■ WORK TO BE COMPLETED
In the data below, find the line containing "Mewali Villa'S Kuta" and the line containing "Stockton House |", then reproduce them and every line between, exactly. Omit pictures.

■ SOURCE MATERIAL
┌──

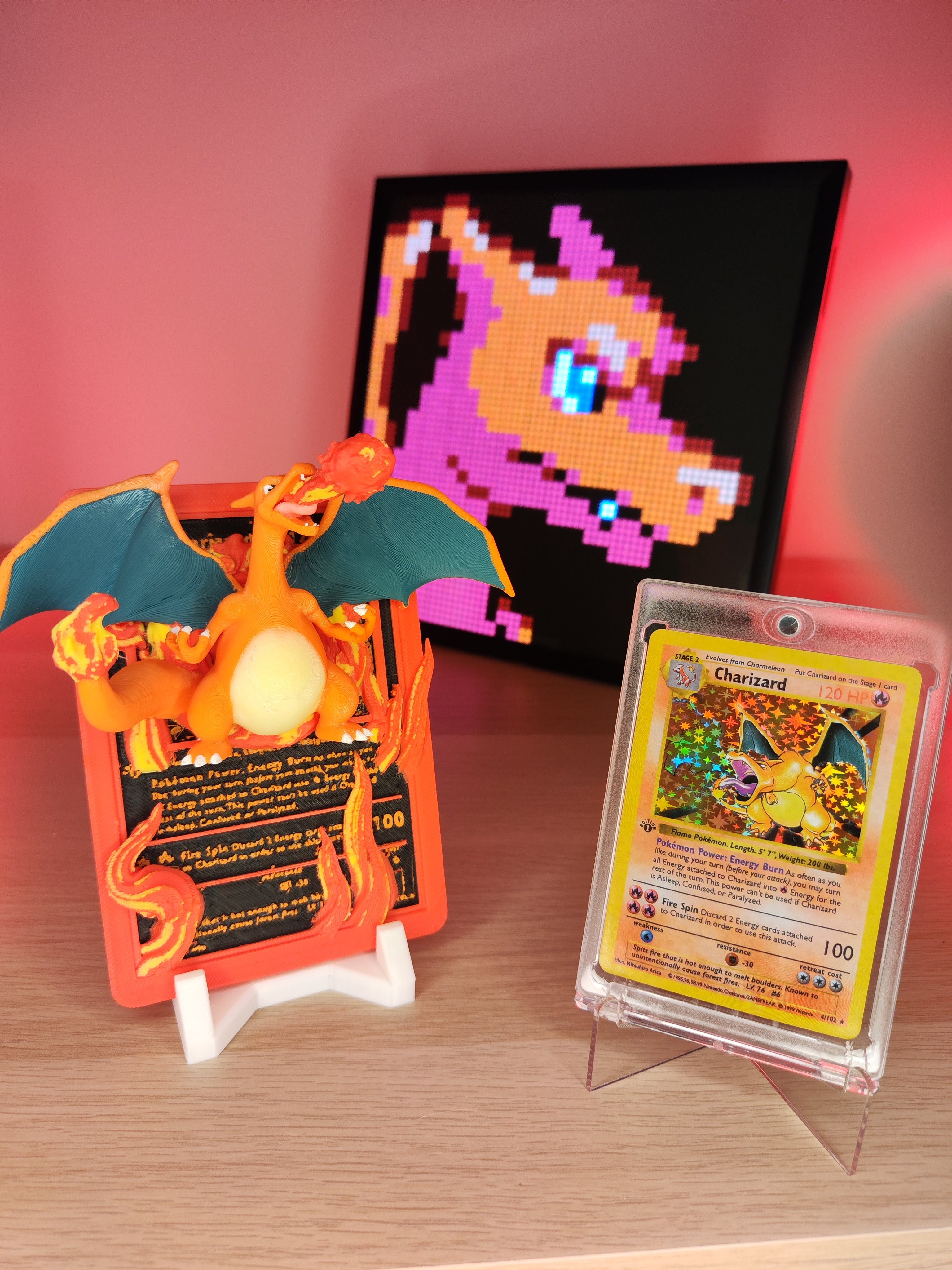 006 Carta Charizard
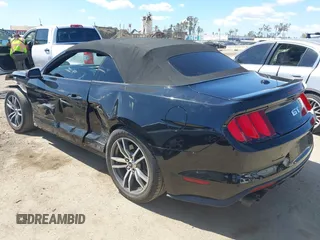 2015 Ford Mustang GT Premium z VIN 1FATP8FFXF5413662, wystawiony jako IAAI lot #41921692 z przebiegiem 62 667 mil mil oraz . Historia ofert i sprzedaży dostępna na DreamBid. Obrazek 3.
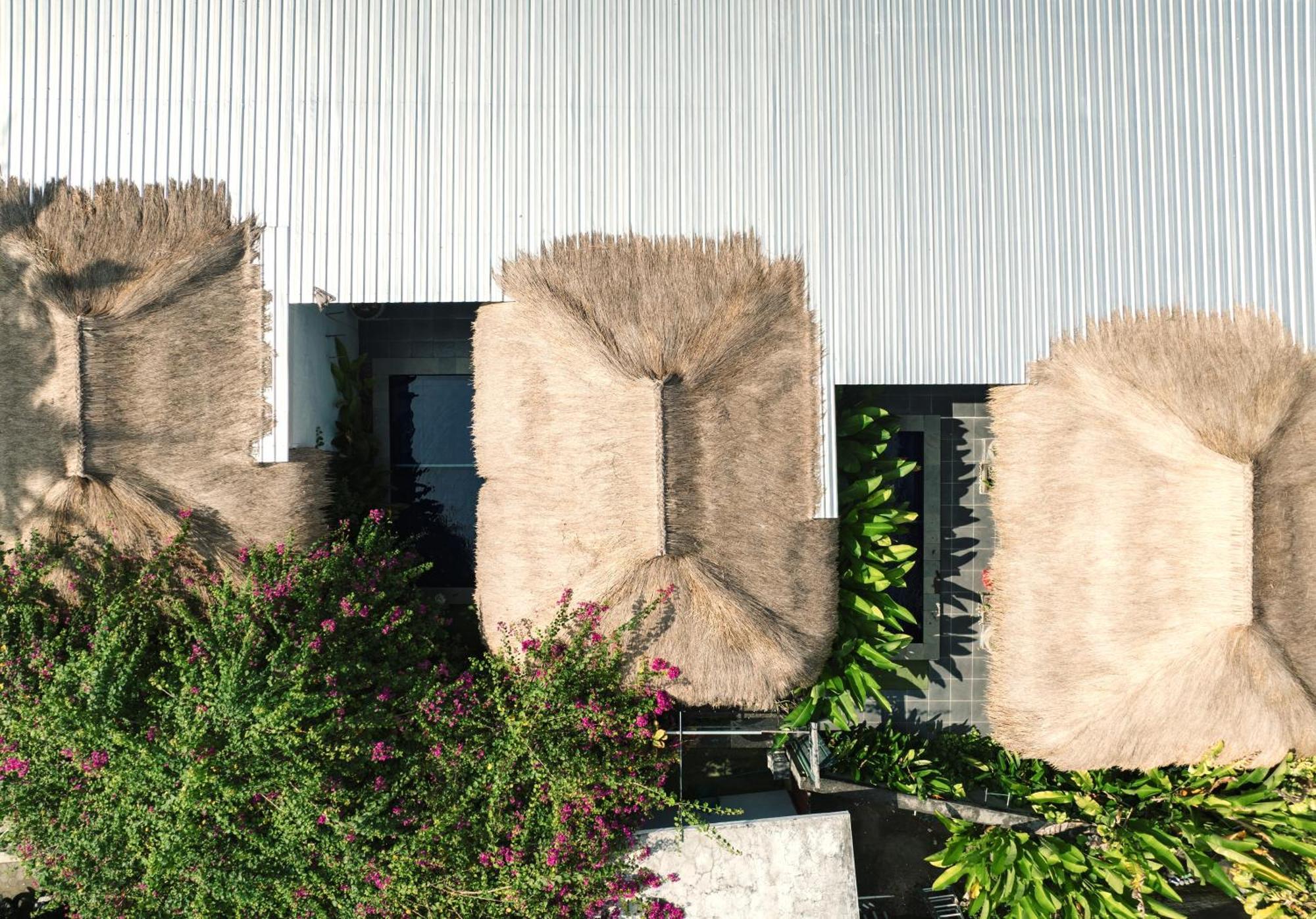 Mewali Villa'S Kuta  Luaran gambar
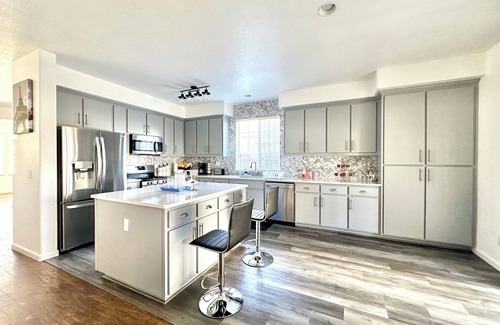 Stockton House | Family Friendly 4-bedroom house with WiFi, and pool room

└──
┌──

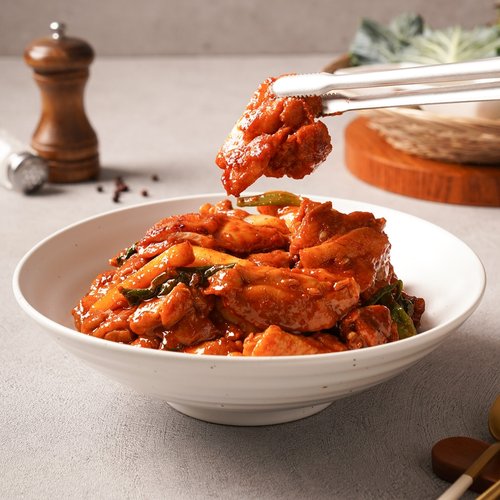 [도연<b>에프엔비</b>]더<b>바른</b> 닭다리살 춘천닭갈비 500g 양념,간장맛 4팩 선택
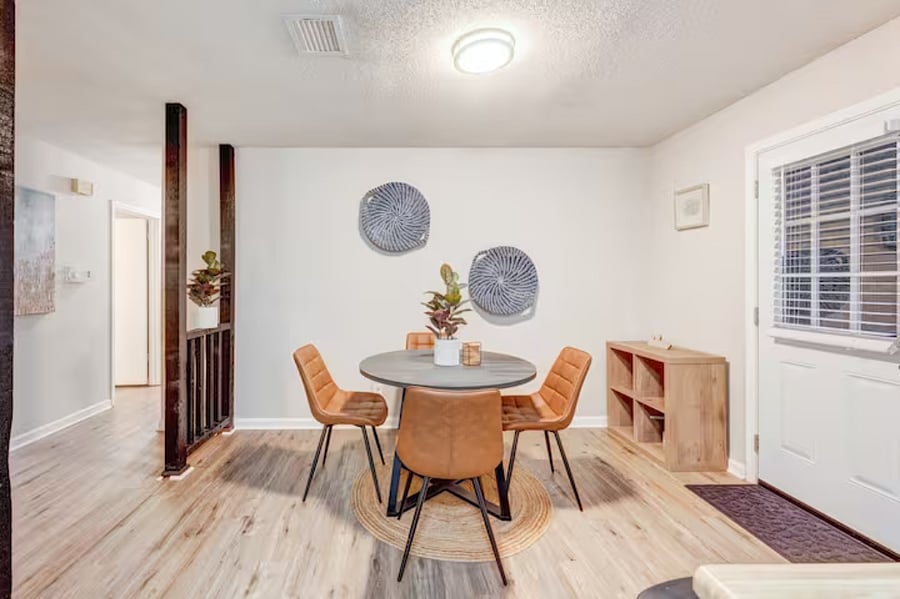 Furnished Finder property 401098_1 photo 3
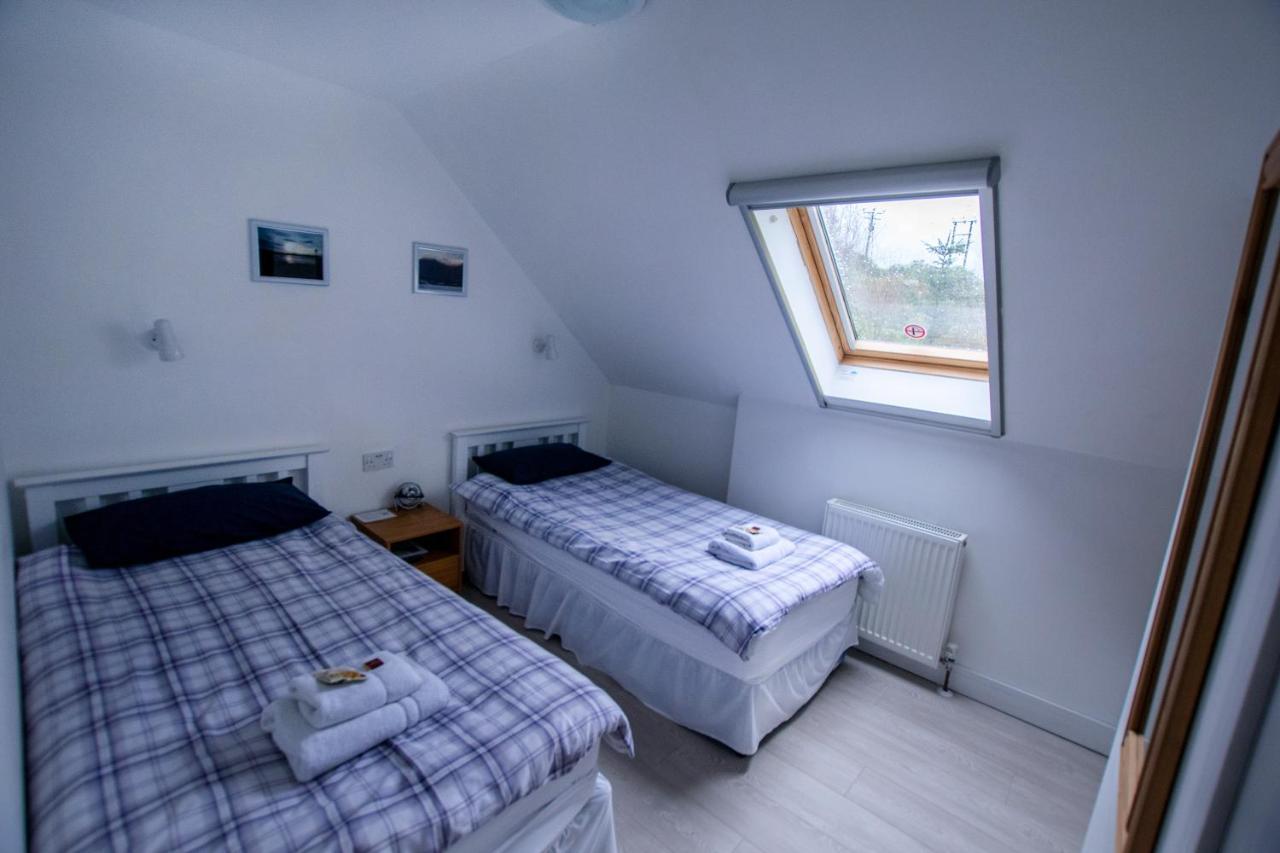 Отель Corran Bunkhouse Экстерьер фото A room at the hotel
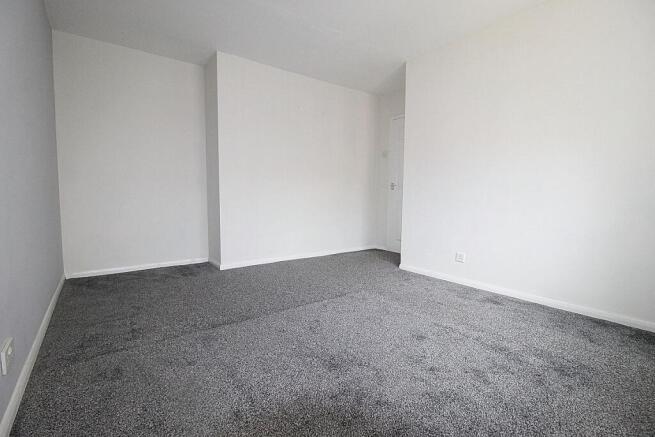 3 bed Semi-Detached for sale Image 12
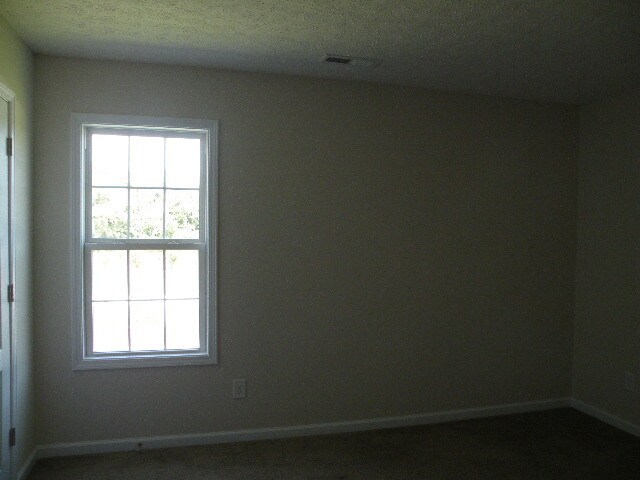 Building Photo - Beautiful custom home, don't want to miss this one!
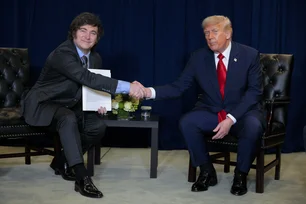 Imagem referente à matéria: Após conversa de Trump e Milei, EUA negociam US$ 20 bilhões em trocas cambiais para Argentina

└──

■ FINISHED TASK
 Mewali Villa'S Kuta  Luaran gambar
 Stockton House | Family Friendly 4-bedroom house with WiFi, and pool room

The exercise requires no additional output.